O Sporting Clube de Portugal, instituição histórica com invulgar identidade, sempre gerou entre os seus associados um grande sentimento de pertença que implica formas de sociabilidade e de solidariedade específicas. As assembleias gerais do Clube que se realizaram em 2 e 22 de Fevereiro de 1929 são bem reveladoras desta asserção num tempo em que ainda não se tinha verificado a transformação do futebol numa indústria cultural de massas e os grandes atletas leoninos preenchiam o imaginário colectivo dos adeptos.

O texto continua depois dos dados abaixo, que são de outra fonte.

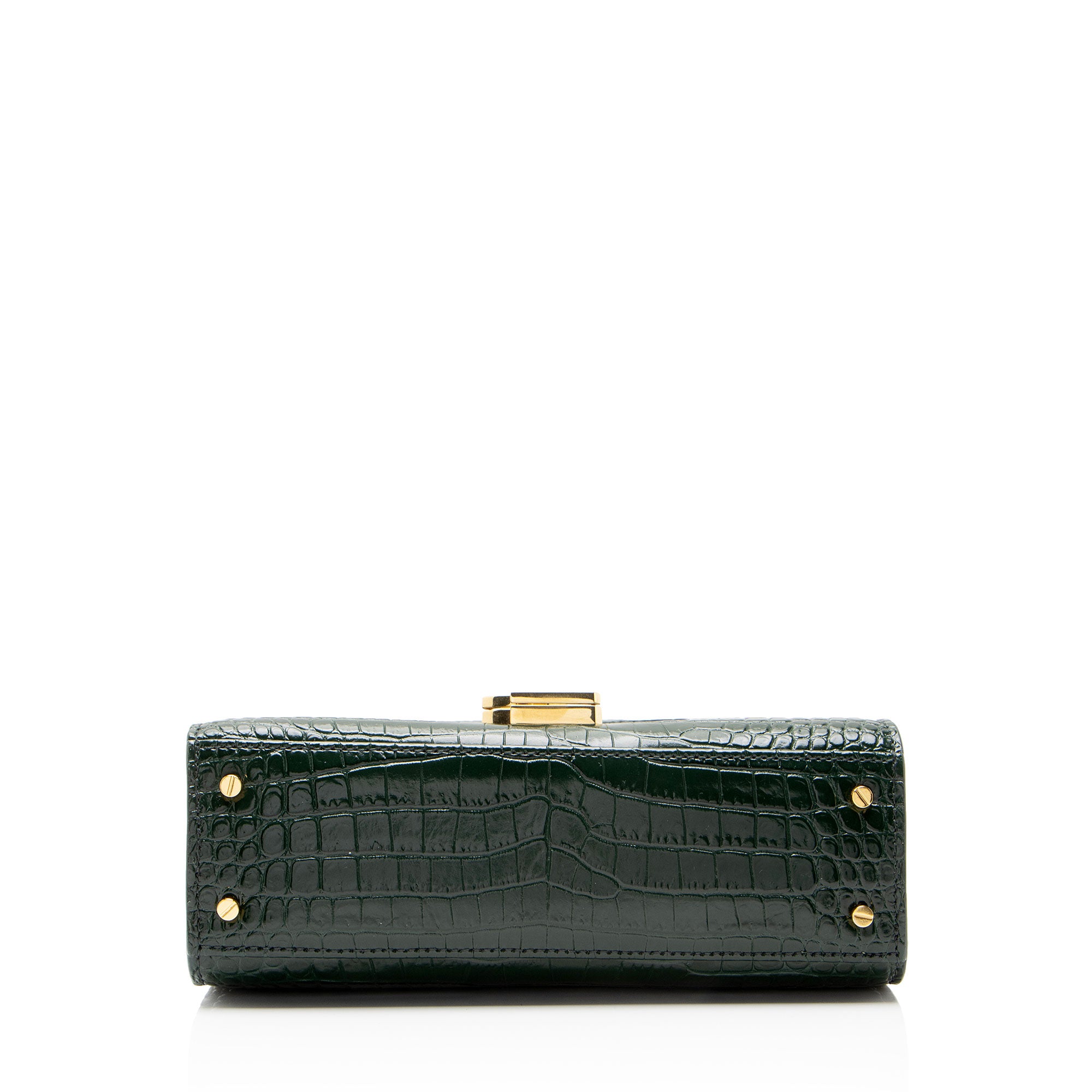 Saint Laurent Croc Embossed Leather Monogram Cassandra Mini Top Handle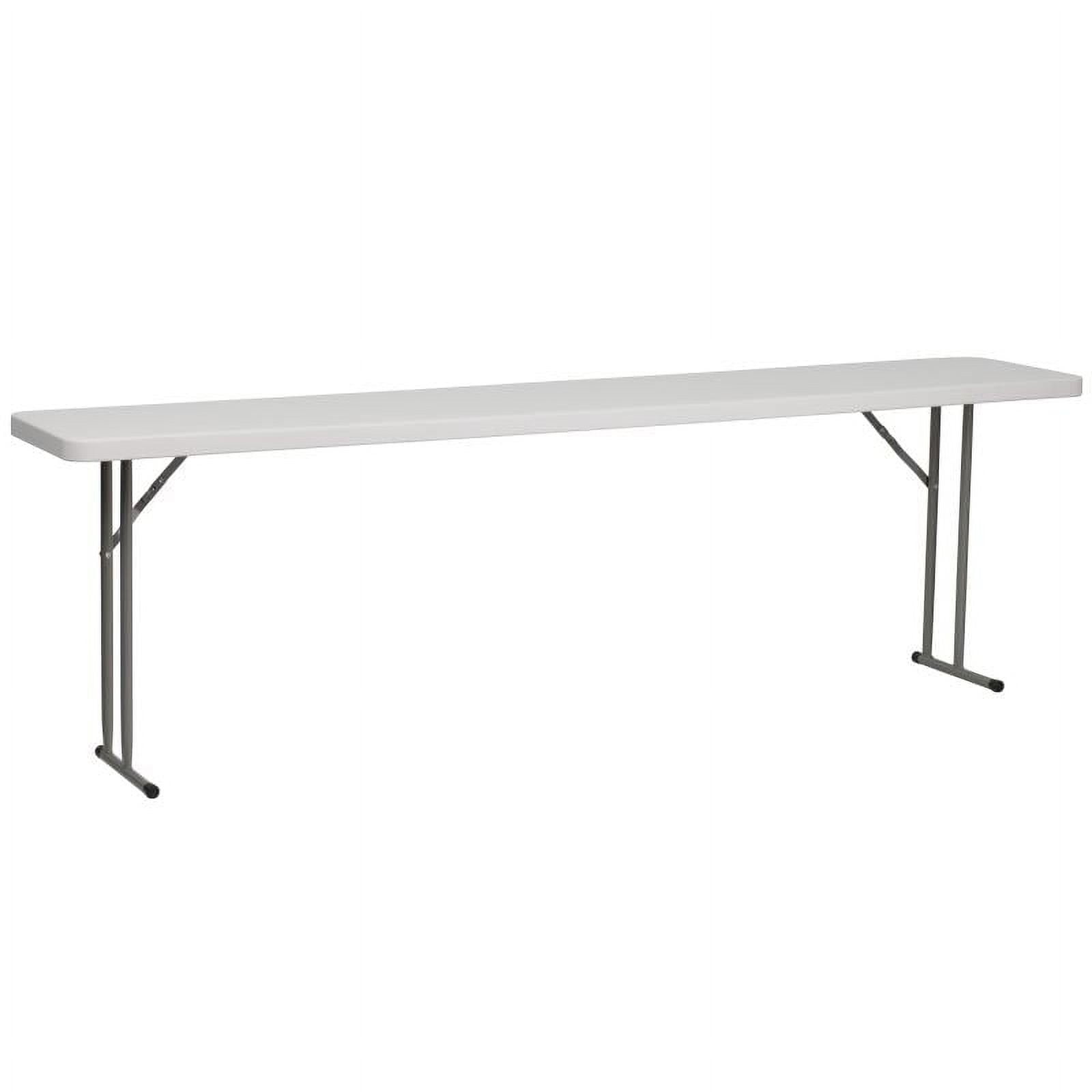 Powder Coated Gray Metal Rectangular Folding Table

Estas duas assembleias gerais decorreram da chamada “Questão Jorge Vieira”, atleta leonino entre 1911 e 1932, capitão geral e capitão de equipa que pelo seu extraordinário sportinguismo e desempenho desportivo foi agraciado com a Medalha de Mérito e Dedicação (1931), patrono de “Os Cinquentenários” (1969), Prémio Stromp (1973), dirigente do Sporting (1985) e o primeiro sócio a receber o emblema de 75 anos de filiação (1985). Em 1981, nas Bodas de Diamante do Sporting, Jorge Vieira foi agraciado com o grau de Cavaleiro da Ordem do Infante D. Henrique, sendo presidente da República o General Ramalho Eanes. Pelo seu carácter excepcional, foi intitulado o “capitão perfeito”.
Nem o facto de Jorge Vieira ser o jogador do Sporting mais carismático do seu tempo o livrou de ficar envolvido numa situação que nunca desejou. Por ser o capitão geral abordou o presidente Joaquim Oliveira Duarte no sentido de serem revistas determinadas compensações materiais aos jogadores. Naquele tempo, em 1928, o amadorismo já tinha terminado nos grandes clubes e os atletas da 1.ª categoria da equipa de futebol do Sporting consideravam insuficiente a remuneração que recebiam.
No final da década de 1920, Joaquim Oliveira Duarte defendia a prática do amadorismo e não revelou receptividade à solicitação de Jorge Vieira. O Clube vivia uma situação financeira difícil agravada por sucessivos défices anuais. Em consequência, o atleta decidiu abandonar a actividade desportiva, alegando razões do foro pessoal. Voltaria algum tempo depois, mas o treinador Charles Bell considerou que ele não tinha condições físicas para jogar futebol. Houve divergências, em consequência dessa decisão. Tudo culminaria na suspensão de Jorge Vieira como sócio do Sporting até à realização de uma Assembleia Geral, porque a Direcção entendeu que o atleta teve um comportamento desrespeitoso para com os superiores hierárquicos.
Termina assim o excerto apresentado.